十二月八日は成道会。お釈迦様がお悟りになった日であると信じられています。しかし、お釈迦様のお悟りの日は、東南アジアと日本等では大きく異なっています。お釈迦様の教えに忠実な東南アジアでは五月の満月の日をお悟りの日と定めています。また東南アジアではお生まれになった日も、お悟りの日も、お亡くなりになった日もすべて同じ日であったと信じられています。多くの経典ではお釈迦様のお悟りをインド暦の二月にあたるヴァイシャーカの満月の日、或いは同じくヴァイシャーカの八日を悟りの日やご命日にあてています。実は中国や日本でもこれらの経典にしたがってお悟りの日を十二月八日と定めているのです。

 中国の暦は太陰太陽暦が採用されていました。これは月の満ち欠けに要する約二十九日を基本とし、季節のずれを解消するために三年に一度閏月を入れるものですが、この太陰太陽暦の一年の始まりは今日の冬至、即ち十一月にあたり、十二月は太陰太陽暦の二月にあたるためインド暦二月を踏襲して十二月八日を悟りの日としたのです。ちなみに二月十五日がお釈迦様の命日となったのは太陽暦の二月をインド暦の二月に充当したものであります。
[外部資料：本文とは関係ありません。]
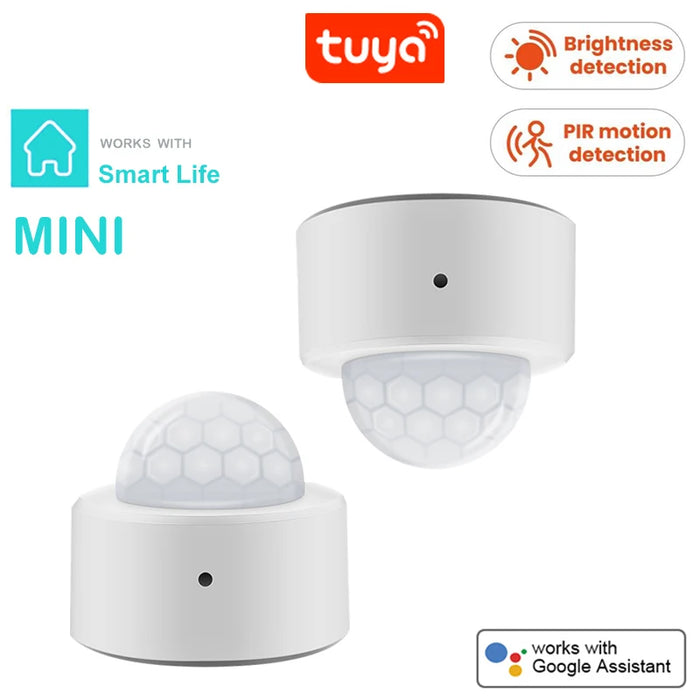 Tuya 2 in 1 Zigbee Mini PIR Motion Detector + Bright Lux Light sensore di allarme antifurto di sicurezza a infrarossi passivo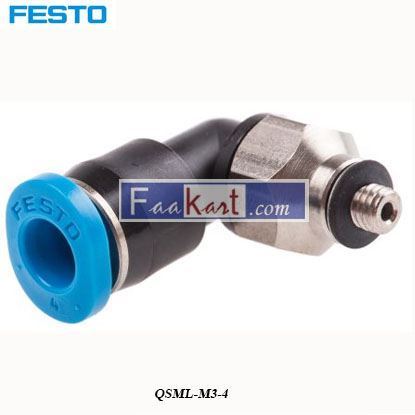 Picture of QSML-M3-4  FESTO Tube Pneumatic Elbow Fitting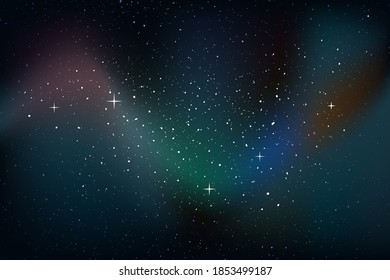 Creative design of universe background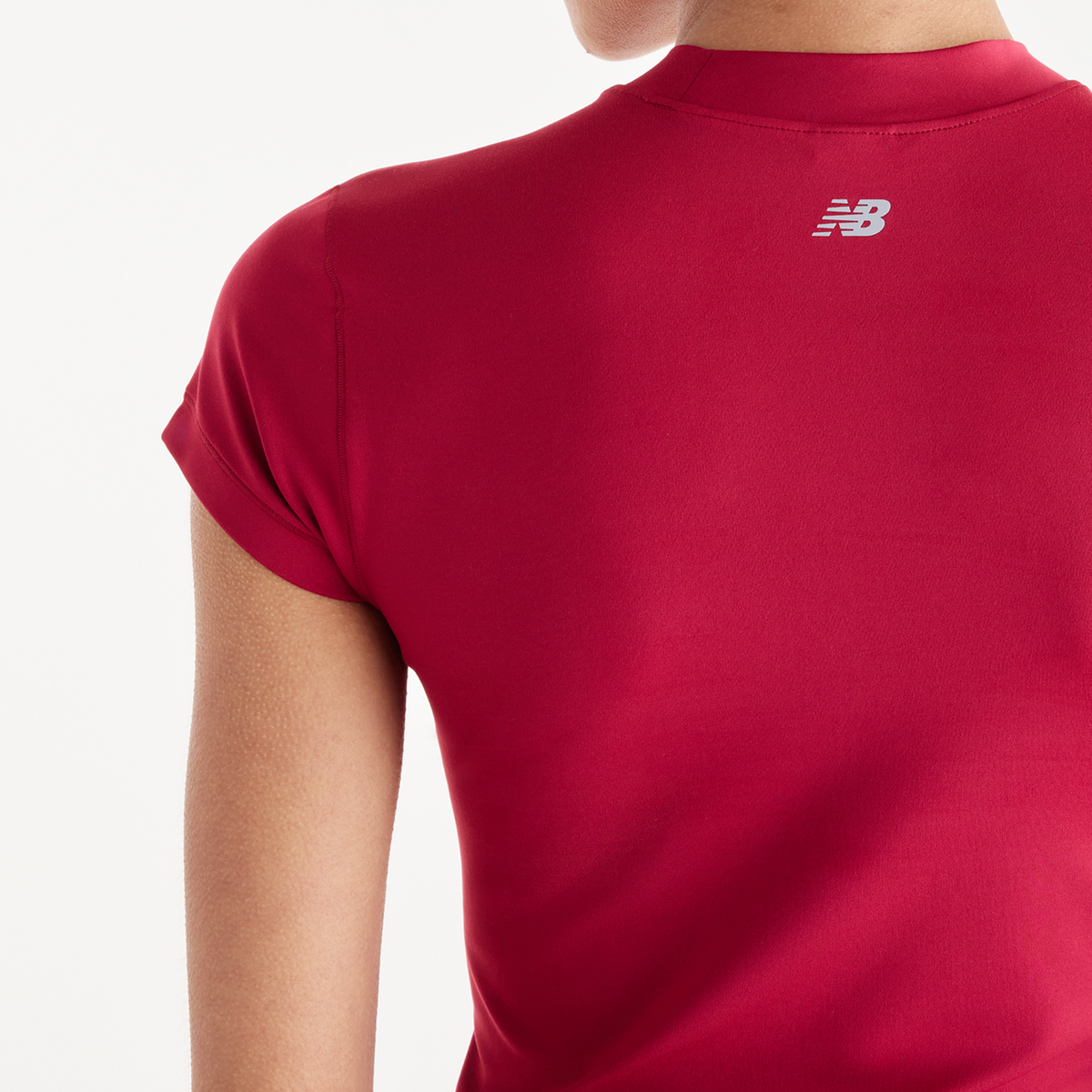 New Balance W NB Define Fitted T-Shirt in ROT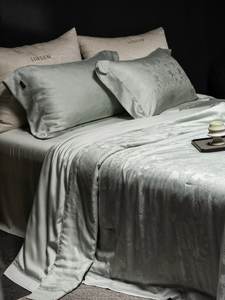 Fodera per cuscino in tencel morbido di alta qualità per camera da letto, traspirante, con motivo jacquard, effetto seta, in offerta speciale. - Product Image 3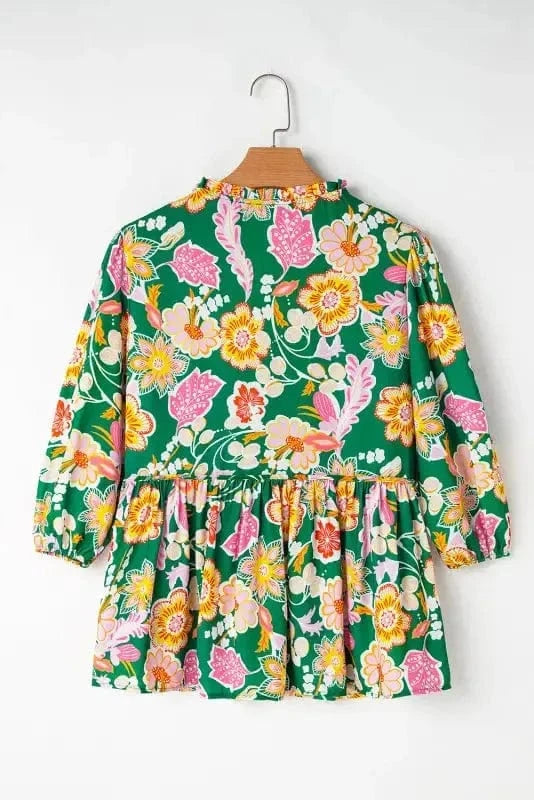 Floral Blouses Daisy Delight Peplum Blouse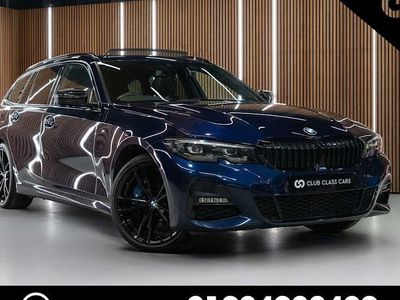 Used BMW 330e M Sport 292 HP (214 kW) 2021 Blue Estate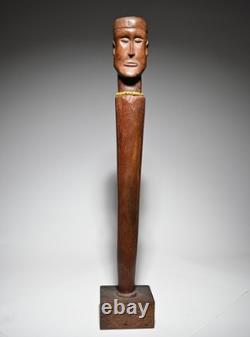 Ancien sceptre africain Angola Congo art tribal Afrique figure statue sculpture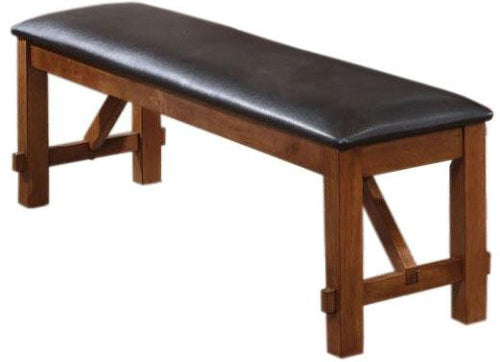 Acme Apollo Upholstered Dining Bench in Walnut 70004 image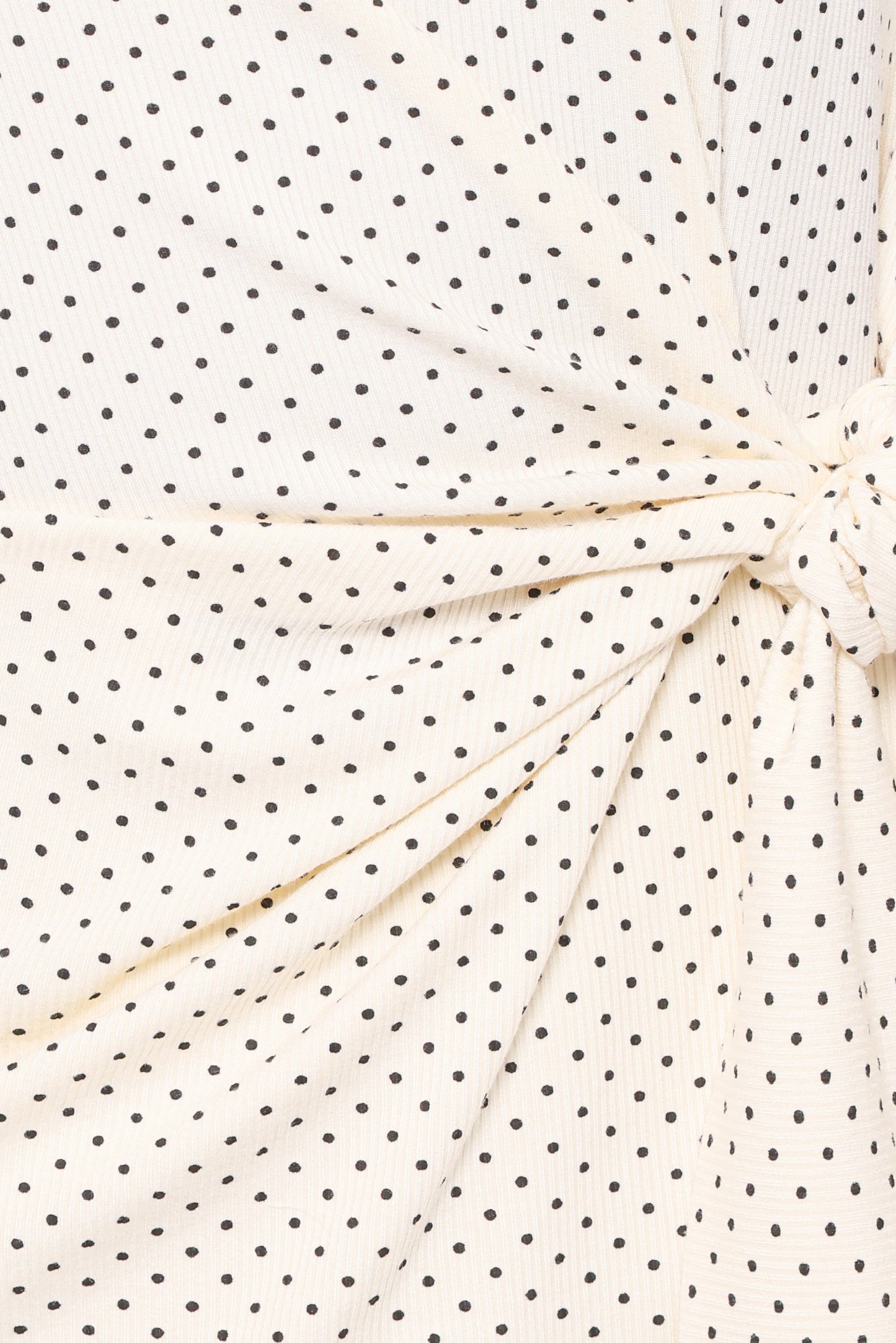 Sonia Mini Dress White Polka Dot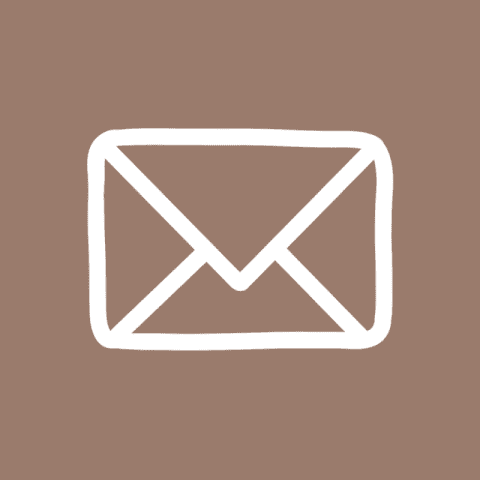 MAIL brown app icon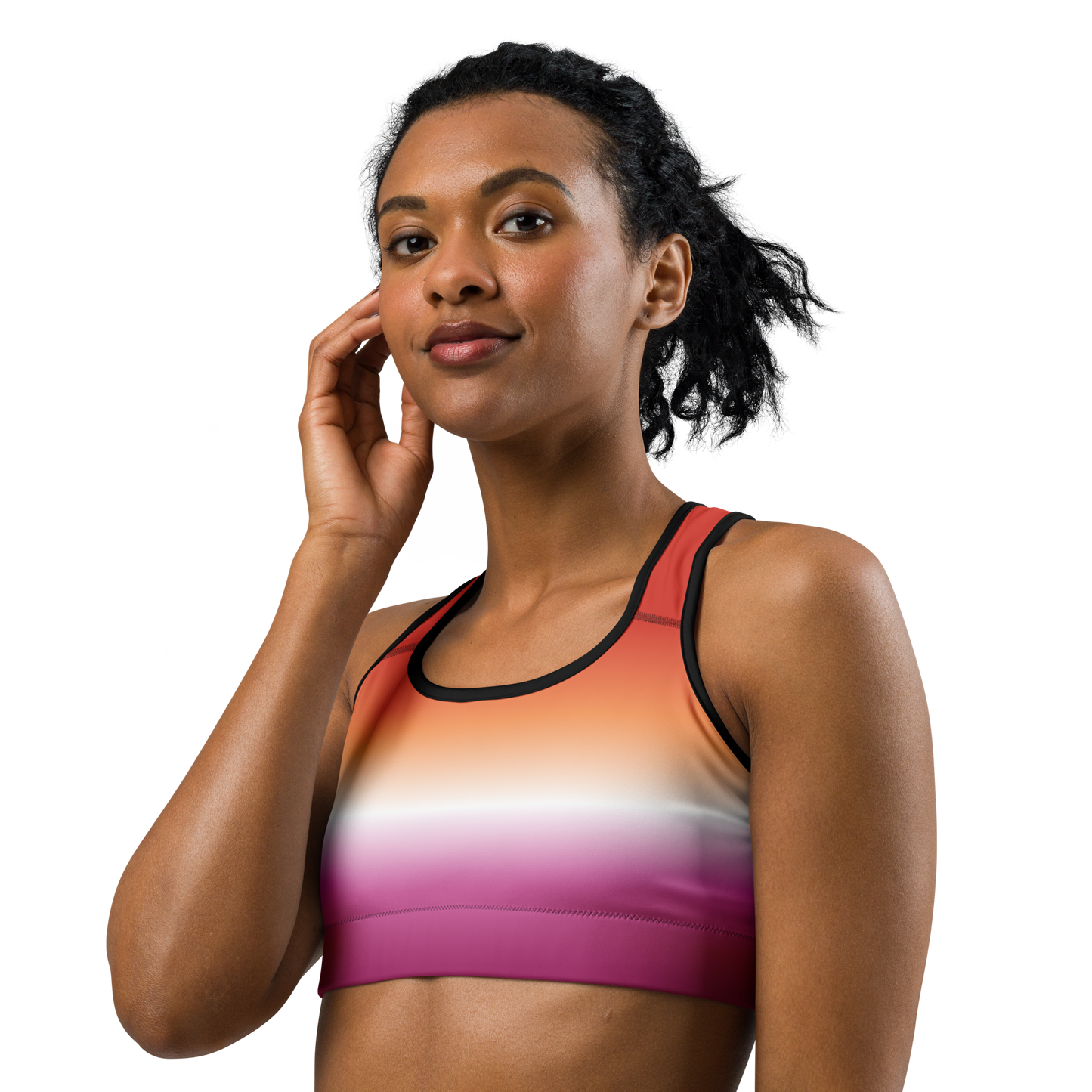 Lesbian Pride Gradient Sports bra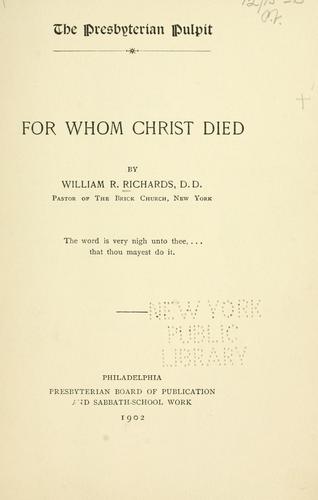 For whom Christ died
 悟りの日といえば仏教でもっとも大切な日であります。これがこんないい加減な算定により十二月八日に定められたことには驚くばかりですが、私は経典を翻訳した人がインドと中国の暦が違うことを知らない筈は無いと思っています。成道会や涅槃会を定めた人はなかなか粋な人だったのではないでしょうか。私達のような四季のある国で生活する民族にとって、誕生も成道も涅槃も同じ日という位、味気ないものはありません。生命の息吹溢れる春に誕生し、実りの秋を経て心身ともに充実する十二月に悟りを完成させ、動植物の営みが止まってしまったかのような寂しい二月に命の終焉を迎えるというのは、なかなかよく出来ているではありませんか。

 お釈迦様は様々な苦行や坐禅を経て悟りを完成させます。その労苦は筆舌に尽くしがたいものでありますが、その労苦から生まれた仏教というものは、その厳しい修行に相反して、非常に寛容な教えであると言われます。世界宗教と呼ばれるもののなかで、布教の為の戦争をおこしていないのは唯一仏教だけであると言われます。お悟りという大切な日でさえも、国民性に準じて変更可能なところにも、その柔軟性と寛容性の一端であります。